Most women start to run to lose weight or make your body more elastic, and it is absolutely the right decision – running burns about 100 calories for every 2 kilometers, strengthens bones and, contrary to popular belief about harm to knee joints, may reduce the risk of arthritis. In addition, the Danish researchers found that just 1.5-2 hours of Jogging per week at a slow or average pace, you can "add" about 6 years to life expectancy. In addition, the results of the surveys, it became clear that running allows you to cope with stress, effectively maintains the level of personal comfort and motivates to overcome difficulties.
Despite this rosy picture, a lot of people have a hard time with running, not to mention to find the strength to love him. Their body hurts, their lungs are "burning" and all the Jogging they spend time, cursing every step. Too often this happens because running has a reputation as an affordable and natural sport, and most people, deciding to start running, just out of the house without spending the time to learn how to run properly as they would if we were talking about tennis or figure skating. And it turns out that it is much more difficult than to lace up your sneakers and quickly (or not) to move the feet step by step.
So use a few tips from coaches and experts in running, which will help to learn how to run correctly to avoid injuries and turn a difficult exercise in pure pleasure.
The first secret: use your breath to find your pace
We all instinctively know how to run, but most of us are not inherited from the ancestors an innate sense of the exact speed at which our body can support. The correct speed depends on factors such as the distance you intend to overcome the extent of your training and even genetic abilities – and this skill takes time to hone.
New runners almost always start to run too fast, and then just as quickly run out of steam. The word "race" is inextricably linked in our minds with speed. Here to help is very simple and fairly well-known advice – stick to the speed with which you can easily keep the conversation going. If you start panting, slow down. If while running, you can loudly sing "vzveytes fires dark nights, add a little. The point is to finish each run wanting to run a little more next time or run a little faster – you feel that you still have something to achieve, and train readily.
Beginners should start with 3 runs per week lasting 20 minutes, which are recommended to alternate running and walking. The goal is every time to run more and walk less until you can run 20-30 minutes without stopping, maintaining a desired tempo by using the "check" conversation. This is a time consuming process, but even after a few weeks of such training, not to mention several months, you will become much healthier and fitter.
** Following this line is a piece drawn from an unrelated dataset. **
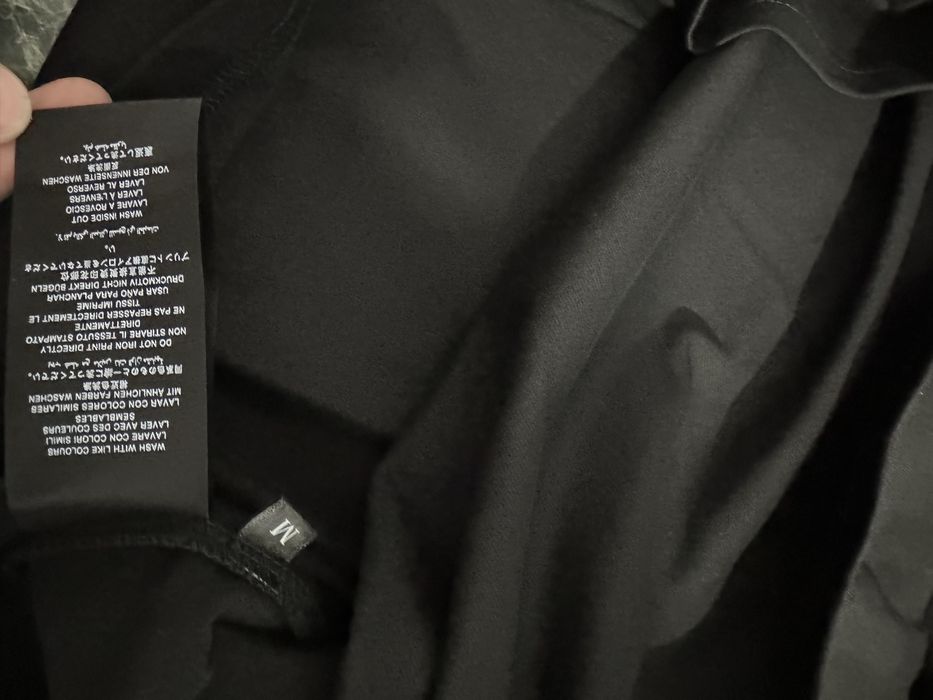 Tricou Palm Angels M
Of course, the constant speed may be an obstacle to harmony – today, any first-grader knows that interval training burned much more calories. But to avoid injury and rapid fatigue, take our advice – after you ran from 20 to 30 minutes 3 times a week for 4 weeks (ideally 3 months), add once a week new items: for example, four 20-second spurt in the speed (struggling), or three 30-second steep hill. Alternate periods of high intensity, at least two minutes of easy Jogging. Every week or two add 10 seconds to your intervals.
The second secret: don't run every day
True, training and repetition is the key to success. Every run makes you stronger your muscles, bones, joints and ligaments and the more you run, the stronger and healthier they will become. But too many – not too good. The trick is to find the "sweet spot" in which you run frequently enough to start the change, but give the body enough time to recover. There is a delicate balance, and you need to find a formula that will work in your case.
Again, for beginners, 3 runs per week is ideal. Will run less, it would be difficult to notice the progress more and the body won't have enough time to recover. If you're not trained for years or never, you can start with two runs a week, but add one or two walking or Cycling. If you are here for 3 months regularly go for 3 jogs a week can add a fourth that is probably ideal for most people, except, of course, professional athletes.
The third secret: focus on time
Of course, the way people measure your runs in kilometres or in minutes, it's a matter of personal preference. Some beginners may think that "I ran a 3 mile" sounds much more frightening than the "20 minute run", while a marathon runner will probably prefer the "I ran 20 kilometres" than to specify how much time he took. In any case, choosing the right distance or duration based on your goals and fitness level, is an important step to getting the most out of each workout, but try not to overdo it.
There is another reason why beginners should focus on time – it takes some of the pressure. If you have a bad day or brings health, you can slow down, reduce the load and still achieve the goal, to get their 15-20-30 minutes of running a day. This is more motivating than the need to run additional time to run the scheduled distance or, even worse, not finish the run and return home with a sense of defeat and guilt.
In addition, measuring your runs in minutes, it's easier to embed them in interval training (1 minute run hard, 2-3 minutes at a leisurely pace) – duration does not change, but the intensity and calorie consumption will increase.
If your goal is to run marathons, over time, you will certainly have to pay attention to the distance, but make sure you build up distance slowly and gradually. Start with the fact that measure in kilometers in just one run a week and add to the normal distance by kilometer or two, while the remaining two workouts should remain the same for a while. Works very well and one more rule is to increase total weekly mileage by no more than the number of days per week that you run (for example, 3 km in a week, if you're running 3 days). Try not to overdo it – and you will succeed!